The simple answer is that they asked me to. But the fact is that all Western Churches, not just in the UK, are painfully having to face up to questions of sex and sexuality, and the more we talk about aspects of these issues, and look at their history, the better. Both conservative Catholics and fundamentalists find the issue very difficult, and there are probably ways of accounting for that. What strikes me about ultra-conservatives in every faith (probably best to confine the word ‘fundamentalism’ to Christianity and not transfer it) is just how angry it is. Such anger can’t just come from an intellectual reaction; it is a cry of rage at an attack at a very deep level on one’s identity. Tentatively I would explain it as a howl of rage by heterosexual men who feel that their traditional place at the top of the human pecking order has been threatened, especially by the new roles which women are claiming for themselves.

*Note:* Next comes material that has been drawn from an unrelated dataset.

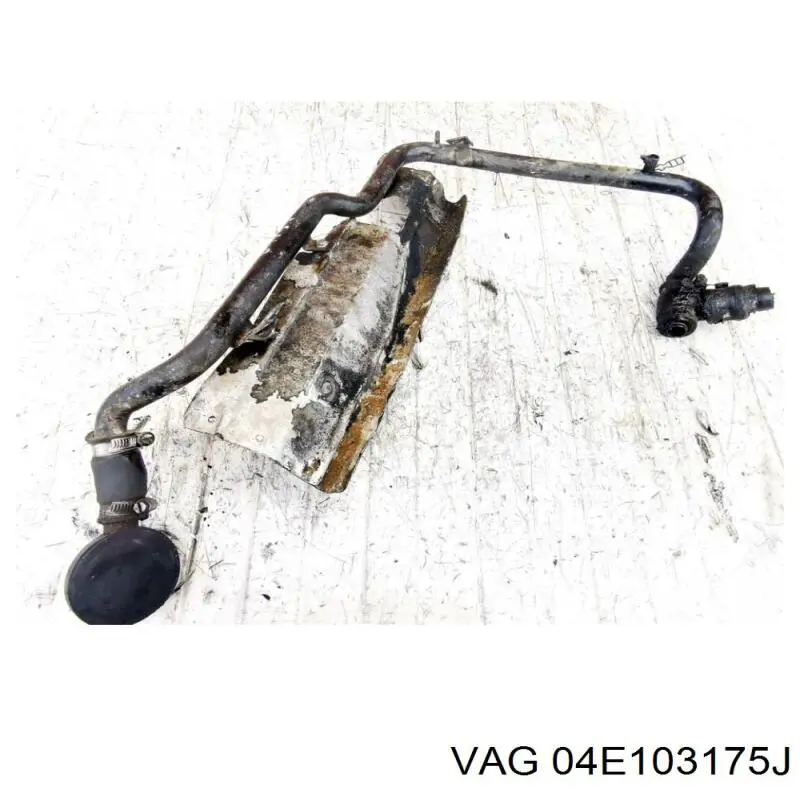  04E103175J VAG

Much of the anger is diverted into anger about the new place in ordinary mainstream life which homosexual men and lesbians are finding for themselves, but the real issue is the loss of power and prestige by traditional male elites and those men who expected to succeed to that power and prestige. So the issue is about maleness. The issues raised by clerical celibacy imposed on Roman Catholic clergy and on gay Anglican clergy are part of that wider angst.

Tell us how Islam and Christianity borrow from another?

I think that I’ll duck that question as it will steal the thunder of my lecture. But I will give you one hint about one angle: where do minarets come from? They’re not in the Qur’an.